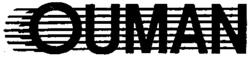 OUMAN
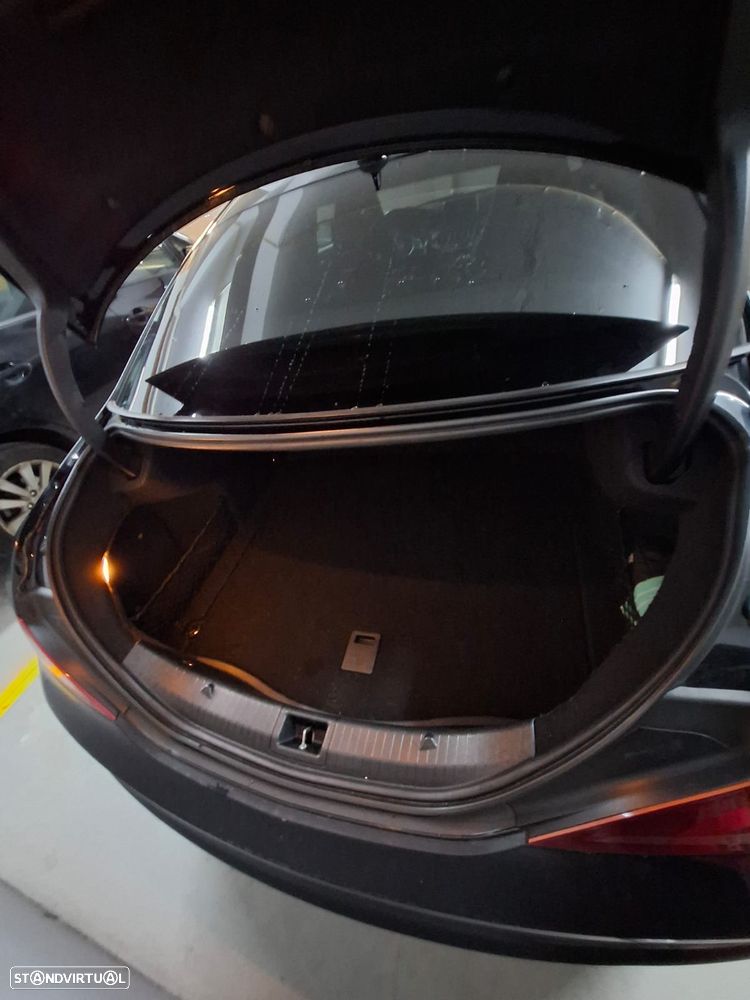 Mercedes-Benz CLA 220 CDI AMG Line Aut. - 6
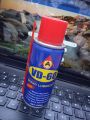Anti RUST  WD40 / VD60  spray . rust remover. 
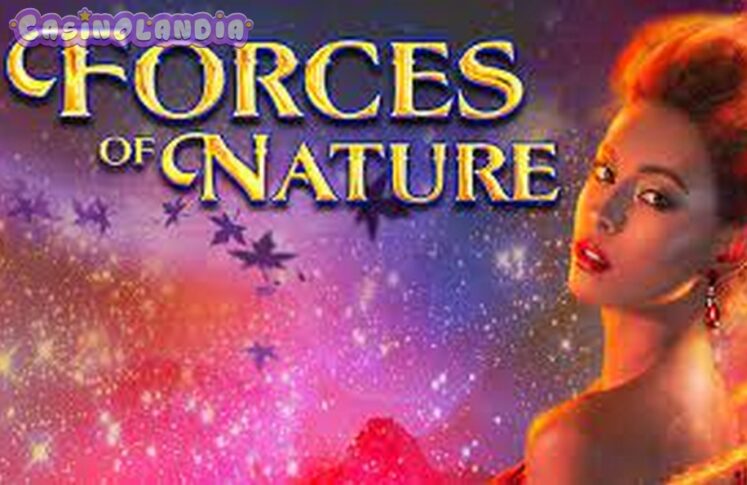 Forces of Nature by High 5 Games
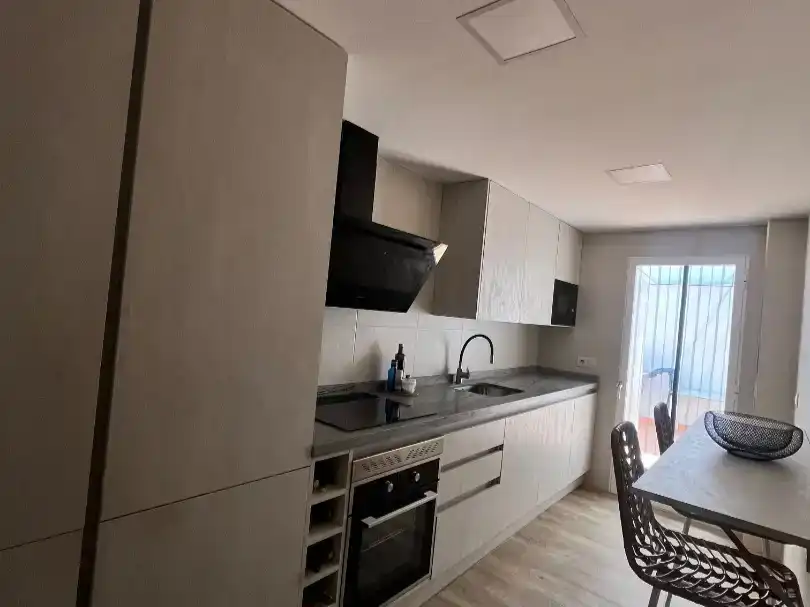 Piso de 140 m² en Jaén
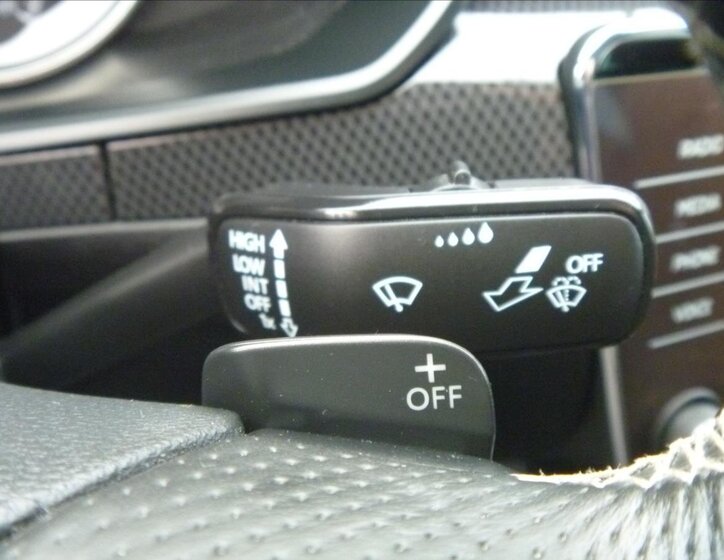 Škoda Superb Liftback 2,0 l 140 kw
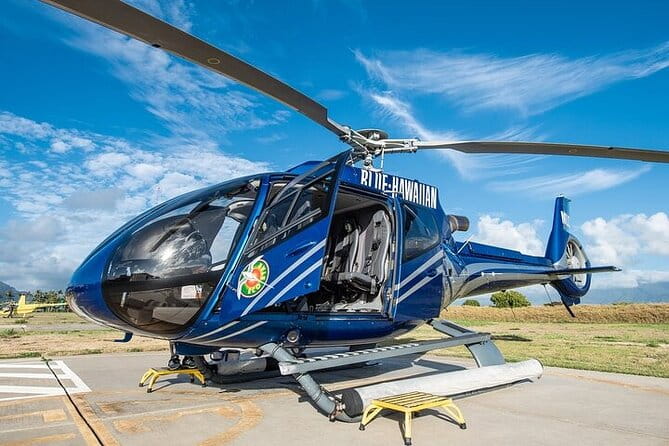 Discover Kauai Helicopter Tour from Princeville - Who Will Love This Tour?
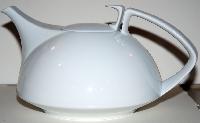 Gropius Teapot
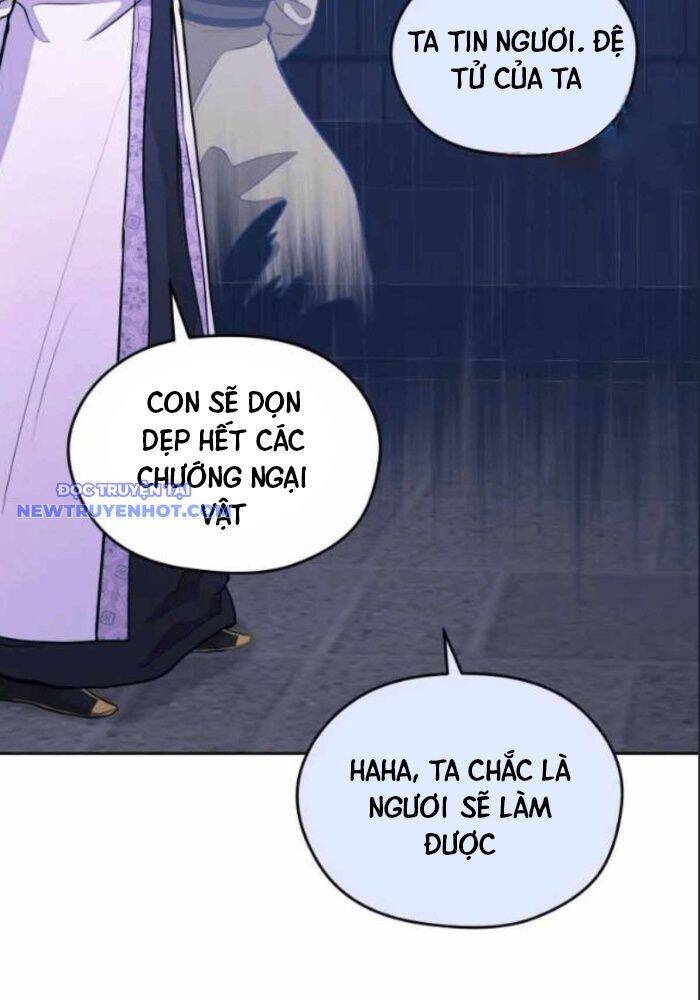 Thái Thú Kang Jin Lee - Chapter 79 - Page 81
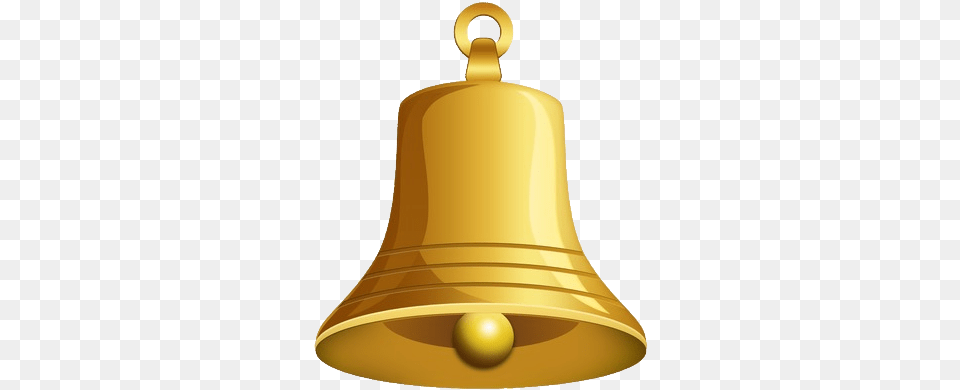 Bell Transparent Transparent Background Youtube Bell Icon, Chandelier, Lamp Png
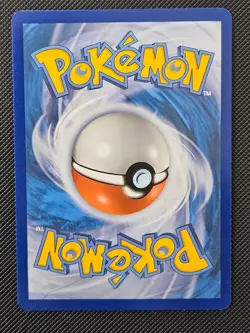 PIPLUP 32/156 ULTRA PRISM POKEMON NM/M 2018 - Image 2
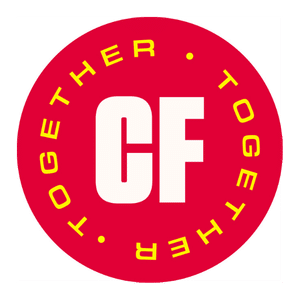 CF Together Logo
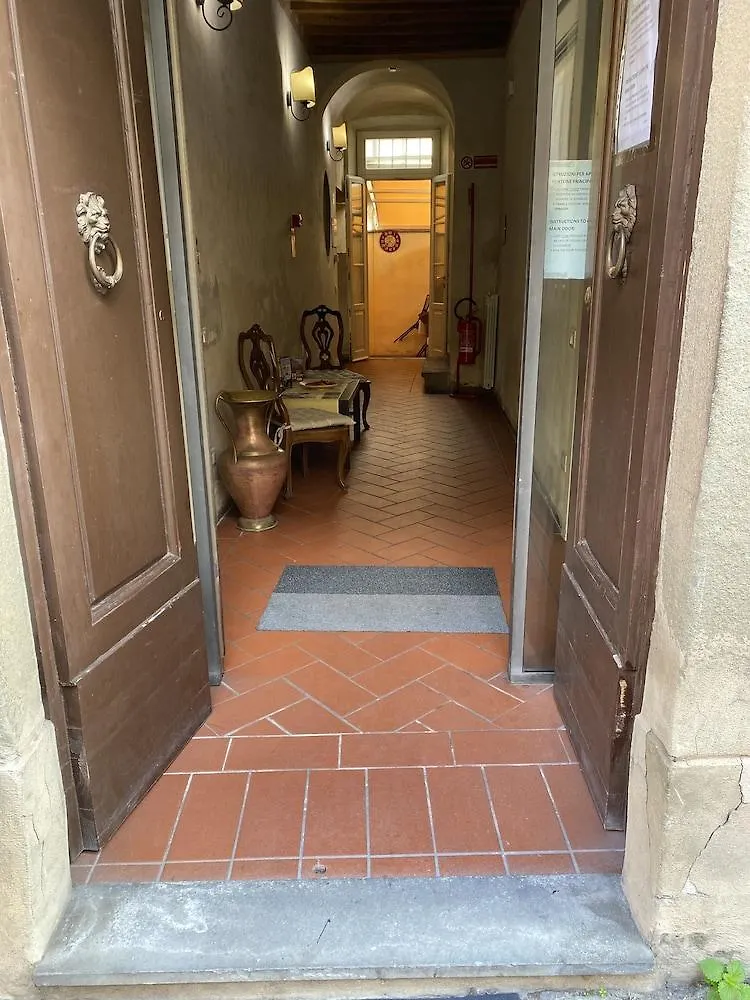San Tommaso Hotel Pisa 2*,  Olaszország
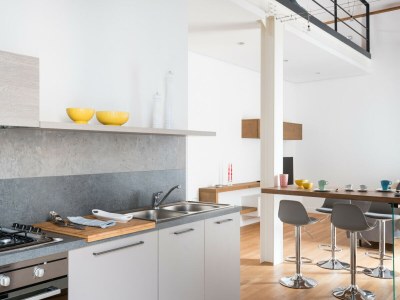 Apartment Loft Mercado a Ortigia BK - Features photo 31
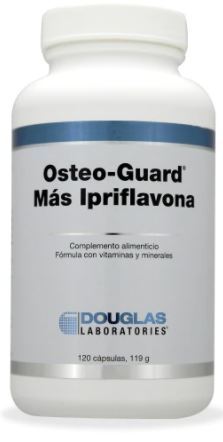 OSTEO-GUARD MAS IPRIFLAVONA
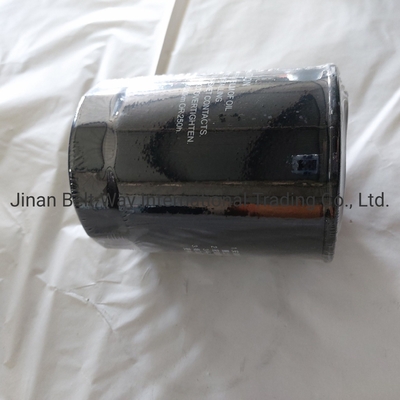 Onderdelen voor aandrijfsysteem voor de vooras Jx0811A Oliefilter voor Sinotruk HOWO Truck Spare Parts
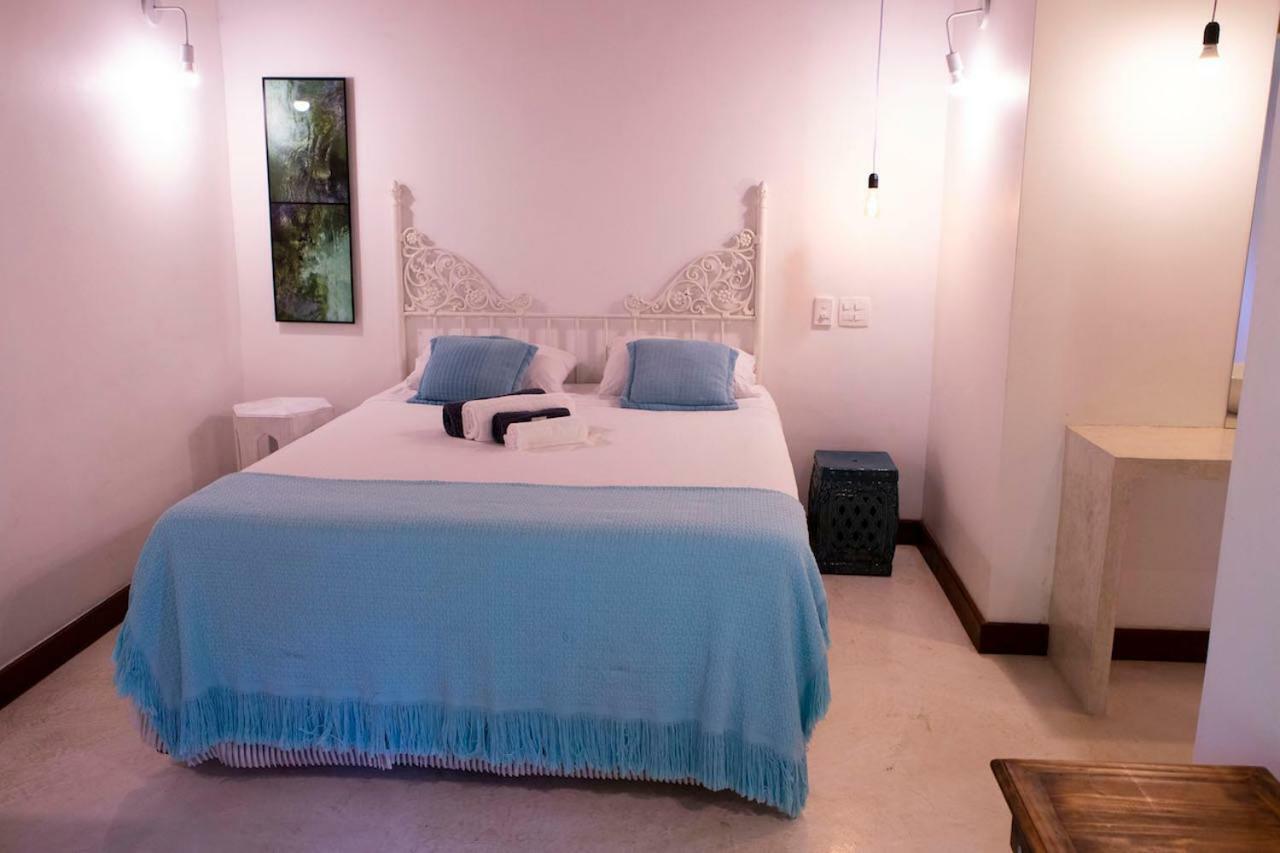 Casa Ka Hotel มาเรเซียส ภายนอก รูปภาพ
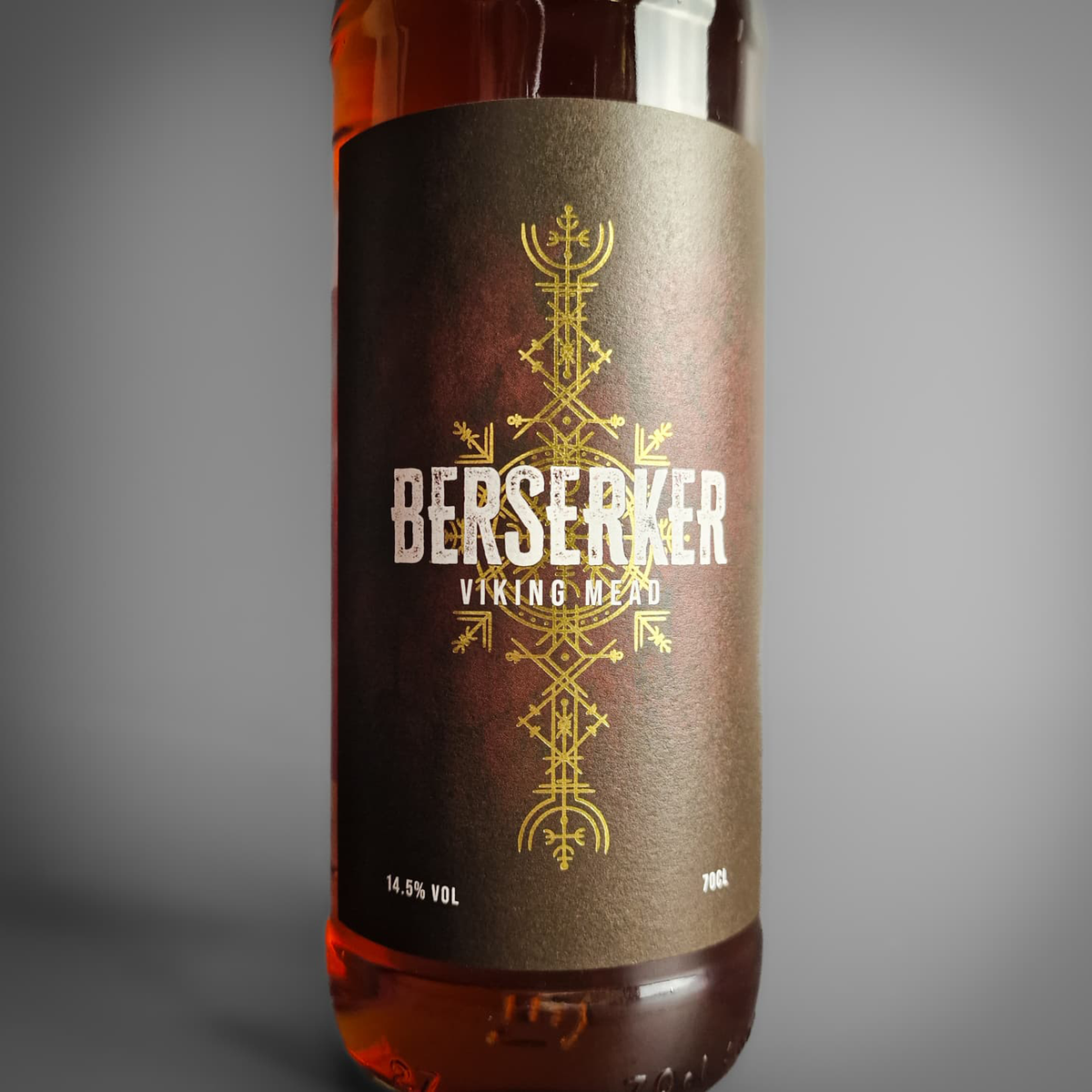Berserker Mead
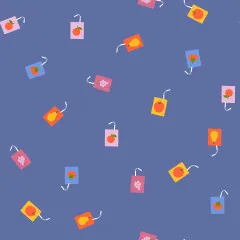 Ruby Star Society - Persimmon - Joosie Joose Juicy Box Twilight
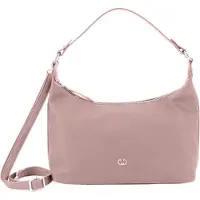 Gerry weber sac à épaule sac à épaule bandoulière Be Different 1.0 Hobo Rose vieux rose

| Exercise objective |
Give back exactly the lines from the one that contains "Piso de 140 m² en Jaén" to the final line of the data above, both included, with all pictures removed.

| Solution to the problem |
 Piso de 140 m² en Jaén
 Škoda Superb Liftback 2,0 l 140 kw
 Discover Kauai Helicopter Tour from Princeville - Who Will Love This Tour?
 Gropius Teapot
 Thái Thú Kang Jin Lee - Chapter 79 - Page 81
 Bell Transparent Transparent Background Youtube Bell Icon, Chandelier, Lamp Png
 PIPLUP 32/156 ULTRA PRISM POKEMON NM/M 2018 - Image 2
 CF Together Logo
San Tommaso Hotel Pisa 2*,  Olaszország
 Apartment Loft Mercado a Ortigia BK - Features photo 31
 OSTEO-GUARD MAS IPRIFLAVONA
 Onderdelen voor aandrijfsysteem voor de vooras Jx0811A Oliefilter voor Sinotruk HOWO Truck Spare Parts
 Casa Ka Hotel มาเรเซียส ภายนอก รูปภาพ
Berserker Mead
 Ruby Star Society - Persimmon - Joosie Joose Juicy Box Twilight
 Gerry weber sac à épaule sac à épaule bandoulière Be Different 1.0 Hobo Rose vieux rose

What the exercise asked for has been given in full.